PostgreSQL® metrics exposed in Grafana®
The metrics/dashboard integration in the Aiven console enables you to push PostgreSQL® metrics to an external endpoint like Datadog or to create an integration and a prebuilt dashboard in Aiven for Grafana®.
For more information on enabling the integration, see Monitor PostgreSQL® metrics with Grafana®.
General info about default dashboards
A few key points about the default dashboards pre-created by Aiven in Grafana:
- The PostgreSQL dashboards show all tables and indexes for all logical databases since Aiven cannot determine tables or indexes relevance.
- Some metrics are gathered but not shown in the default dashboard, you can access all available metrics by creating new dashboards.
- New dashboards can be created to show any metrics or use any filtering criteria. The default dashboard can be used as a template to make the process easier.
When creating new dashboards, do not prefix the names with "Aiven" because they may be removed or replaced. The "Aiven" prefix is used to identify Aiven's system-managed dashboards. This also applies to the default dashboard, for which any direct editing to it can be lost.

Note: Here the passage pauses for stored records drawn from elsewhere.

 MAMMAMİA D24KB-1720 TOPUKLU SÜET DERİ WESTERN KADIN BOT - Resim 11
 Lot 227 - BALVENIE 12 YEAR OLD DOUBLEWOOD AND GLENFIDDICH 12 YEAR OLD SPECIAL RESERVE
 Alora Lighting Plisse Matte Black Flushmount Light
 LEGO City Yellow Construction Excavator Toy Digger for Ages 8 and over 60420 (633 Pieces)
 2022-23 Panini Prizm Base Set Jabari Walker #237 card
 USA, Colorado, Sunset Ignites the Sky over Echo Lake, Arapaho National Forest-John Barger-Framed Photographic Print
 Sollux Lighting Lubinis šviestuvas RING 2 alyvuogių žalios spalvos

PostgreSQL metrics prebuilt dashboard
The PostgreSQL default dashboard is split into several sections under two main categories: Generic and PostgreSQL. Generic metrics are not specific to the type of service running on the node and mostly related to CPU, memory, disk, and network. PostgreSQL metrics are specific for the service.
General metrics
Overview
This section shows a high-level overview of the service node health. Major issues with the service are often visible directly in this section.

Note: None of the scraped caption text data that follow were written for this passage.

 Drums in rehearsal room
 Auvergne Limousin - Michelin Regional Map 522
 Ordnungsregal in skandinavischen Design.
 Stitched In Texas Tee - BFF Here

In the Overview section, the figures for Business and Premium services are averages of all nodes that belong to the service. For some metrics, such as disk space, this typically does not matter since it's equal across all the nodes. For other metrics, especially when related to load concentrated only on the primary node, high values can be dampened by the average. Node-specific values are shown in the system metrics section.
The following metrics are shown:
Parameter Name | Parameter Definition | Additional Notes |
---|---|---|
Uptime | The time the service has been up and running. | |
Load average | The number of processes that would want to run. | If the Load average figure is higher than the number of CPUs on the nodes, the service can be under-provisioned. |
Memory available | Memory not allocated by running processes. | |
Disk free | Amount of unused disk space. |
System metrics
This section shows a more detailed listing of various generic system-related metrics.

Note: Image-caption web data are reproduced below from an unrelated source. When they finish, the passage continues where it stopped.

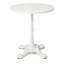 Table ronde de salle à manger, 60 cm (23,62 pouces), style tulipe moderne, avec pied en fonte, idéale pour les petits espaces, le jardin, la salle à manger, le salon ou un café.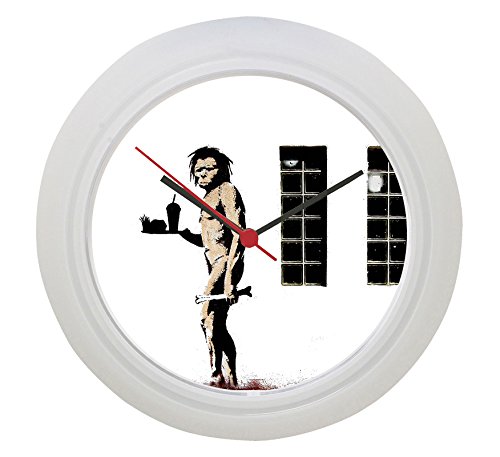 Preisvergleich Produktbild Apeman Banksy inspiriert Wanduhr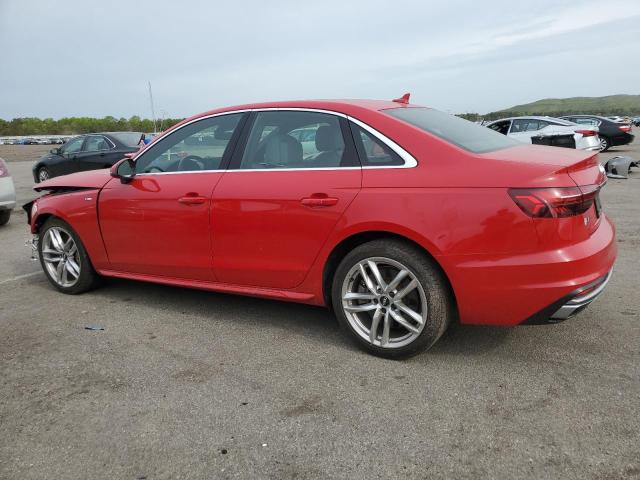  AUDI A4 2020 Czerwony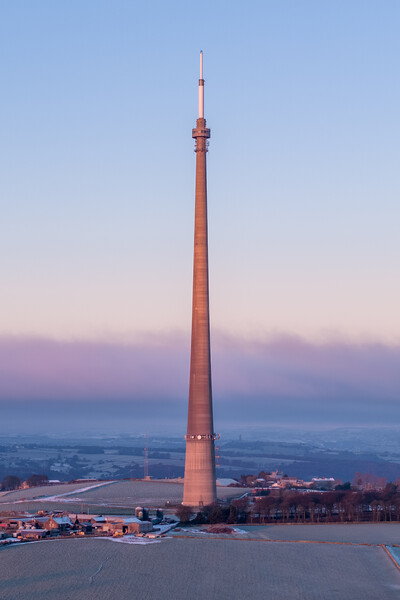 Emley Moor TV Transmitter Picture Board by Apollo Aerial Photography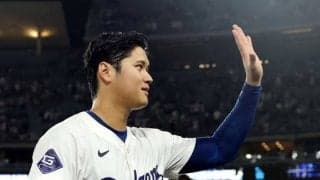 大谷翔平の隣で…びしょ濡れなのに「超冷静」　突然の巻き添えも「表情が面白過ぎ」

The following metrics are shown:
Parameter Name | Parameter Definition | Additional Notes |
---|---|---|
CPU | System , user , iowait , and interrupt request (IRQ) CPU usage. | A high iowait is an indication that the system is writing or reading too much data to or from disk. |
Load average | The number of processes that would want to run. | The Load average figure is higher than the number of CPUs on the nodes, the service might be under-provisioned. |
Memory available | The amount of memory not allocated by running processes. | |
Memory unused | The amount of memory not allocated by running processes or used for buffer caches. | |
Context switches | The number of switches from one process or thread to another. | |
Interrupts | The number of interrupts per second. | |
Processes | The number of processes that are actively doing something. | Processes that are mostly idle are not included. |
Disk free | The current amount of remaining disk space. | Aiven suggest to actively monitor this value and associate it with an alert. The database will stop working correctly if it runs out of disk space. |
Disk i/o | The number of bytes read and written per second on each of the nodes. | |
Data disk usage | The amount of disk space that is in use on the service's data disk. | |
CPU iowait | The percentage of CPU time spent waiting for the disk to become available for read and write operations | Aiven suggest to create an alert that is triggered when iowait goes beyond a certain threshold for an extended time. This gives you an opportunity to respond when the database starts to slow down from too many read and write operations. |
Network | The number of inbound and outbound bytes per second for a node. | |
Network (sum of all nodes) | The same as the Network graph, but values are not grouped by service node. | |
TCP connections | The number of open TCP connections, grouped by node. | |
TCP socket state total on all nodes | The number of TCP connections across all service nodes, grouped by the TCP connection state. |
PostgreSQL-specific metrics
For most metrics, the metric name identifies the internal PostgreSQL statistics view. See the PostgreSQL documentation for more detailed explanations of the various metric values.
Metrics that are currently recorded but not shown in the default
dashboard include postgresql.pg_stat_bgwriter
and
postgresql.pg_class
metrics as a whole, as well as some individual
values from other metrics.
PostgreSQL overview
The metrics in the PostgreSQL overview section are grouped by logical database. In addition, some metrics are grouped by host.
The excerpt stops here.